Bea was a complete messy state when I handed her over to Dad, all covered in baby goo, but she was still a delight. She seemed to find it as difficult to sleep in my arms on the plane as I did while having to hold her but she maintained her good humour and was a darling for the entire flight. She grinned and raspberried her way across the Atlantic.
Sam was pretty perfect too, a little more of a terror to keep by my side in busy airport lounges and train stations but other than a natural need to be energetic in a confined space he was really well behaved. Big thumbs up to the purchase of the CARES harness which kept him strapped in and safe in his seat for the flight. Having him understand that he had to stay buckled up just like when he’s in the car was priceless and made the flight much more bearable. He only managed to wriggle away and run off through the curtain and into business class once.
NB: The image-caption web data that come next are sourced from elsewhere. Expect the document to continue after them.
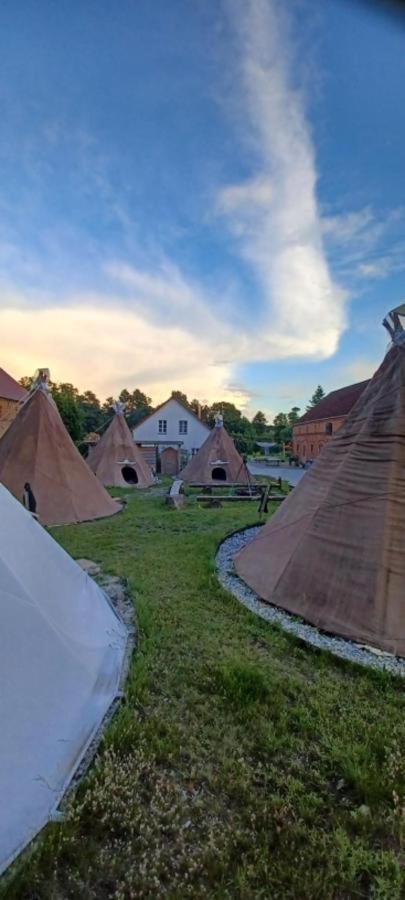 ホテル Kuckunniwi Tipidorf Tauche エクステリア 写真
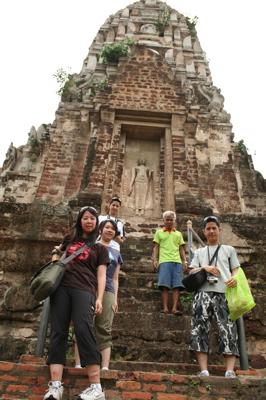 Ayutthaya tourists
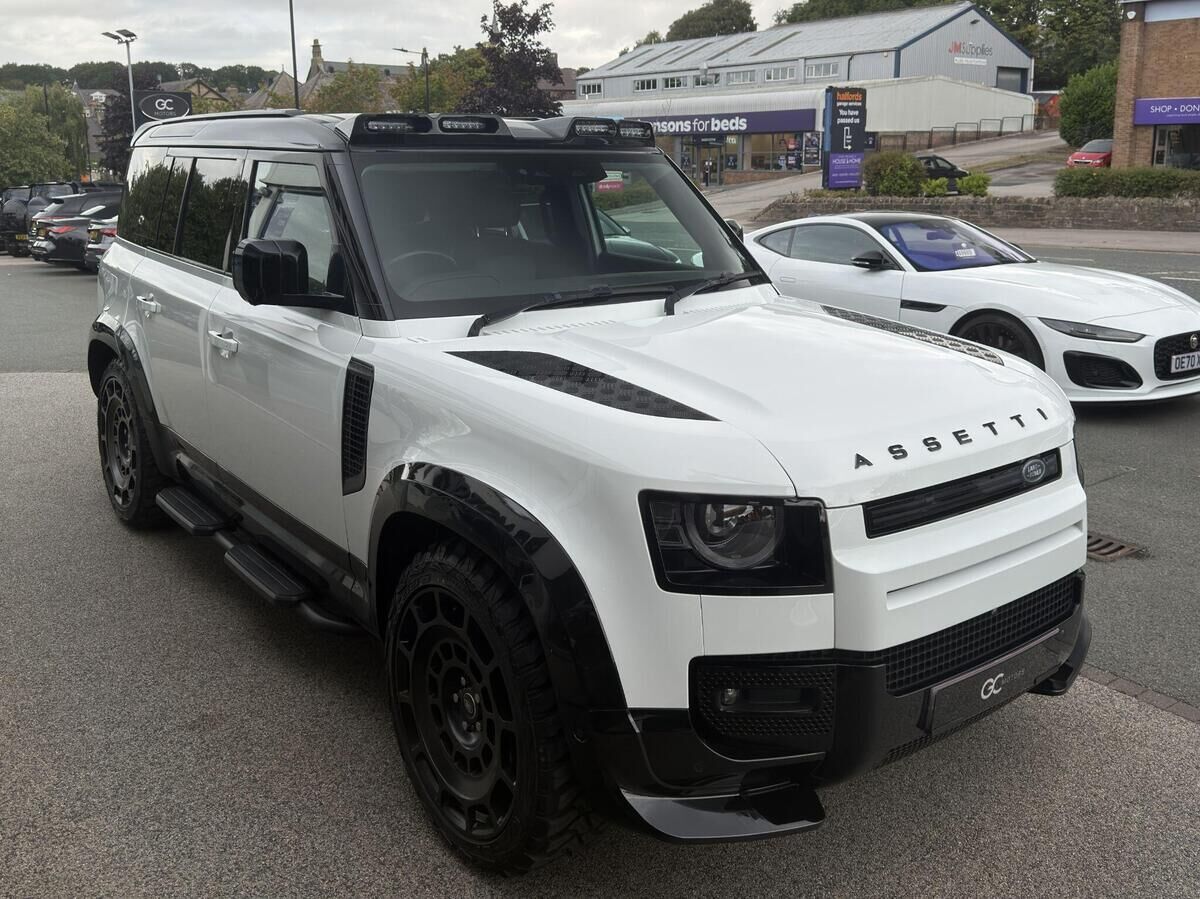 Land Rover Defender 110 Defender 110 Gallery Image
Unfortunately I don’t suppose the passengers surrounding us would have given Sam such a glowing review. Once we were on the second leg of the journey, Cincinnati to London Gatwick, Sam devoured his kid’s meal and then settled down for some kip. He had been comfortably snoozing for some time when all of a sudden he started freaking out. He screamed, and cried, and thrashed around hysterically. He was howling and kicking out at the seat in front of him. I tried to comfort him but could get no response. Nothing that I did could get through to him. He was incoherent as to why he was upsetting, demanding Mummy hugs, but didn’t seem to be aware of my presence when I tried to give him some. I ended up just having to hold Bea out of his way and wait for him to calm down. Another time that I was grateful I had bought the harness else I think he may have hurt himself hurtling out of his seat.
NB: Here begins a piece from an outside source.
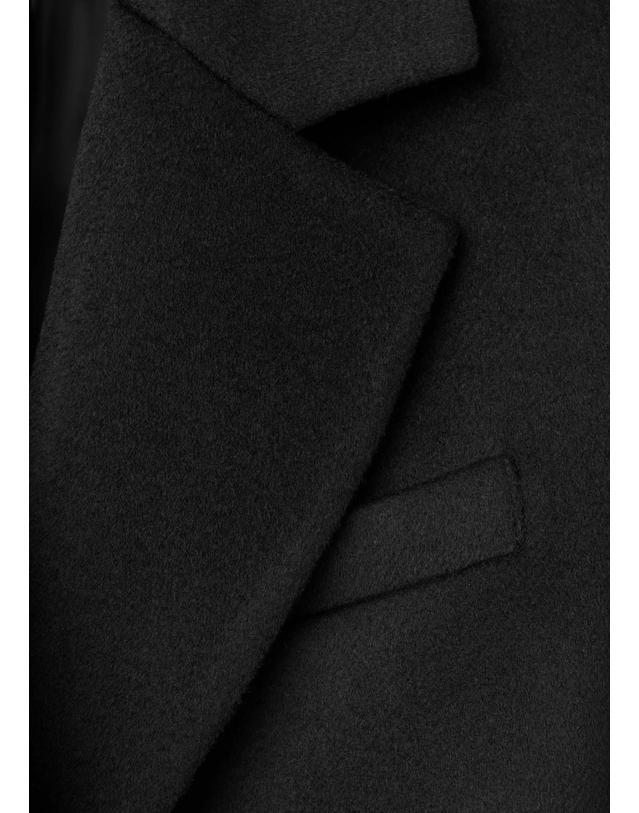 망고 망고 레귤러핏 더블 버튼 롱 코트 37045846_99 NEGRO 블랙 착용컷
I really believe he was fast asleep and having a night terror. Twice this happened. The second time I didn’t try to wake him up and he appeared to wake up himself moments after his hysterics quelled. He was disorientated for a second but then seeing the light glowing outside through the aircraft windows was immediately fresh faced and beaming, telling me “Morning Mummy! Sunny Day!” as if nothing had happened. He really had no recollection of being so apparently scared and violently thrashing about just moments before. He didn’t know what I was talking about when I asked him if he was okay and could he tell me why he was scared? He was very confused when the gentleman in front of us had words about him being naughty and kicking the seat during the flight. To Sam’s knowledge I’d only had to tell him not to disturb that guy once as we took our seats in Cincinnati, and he’d been a good boy and kept his feet to himself since. In my book he was a very good boy for the entire flight.
It took us some twentyone hours of travel to get to the grandparents house via two aeroplanes, a train and a car journey, and really I couldn’t be more proud of Sam and Bea. As we pulled into the “Ashridge” driveway Sam sweetly piped up from the backseat “I love you Grandad!” After hugs and cuddles with a waiting Nanna and Mollydog, he then took occupation of the conservatory floor and was soon immersed in playing with his cars and investigating all the toys left out for him. Took everything in his stride he did. Meanwhile I am still in recovery, have no idea what time or day it is and am ready for more sleep.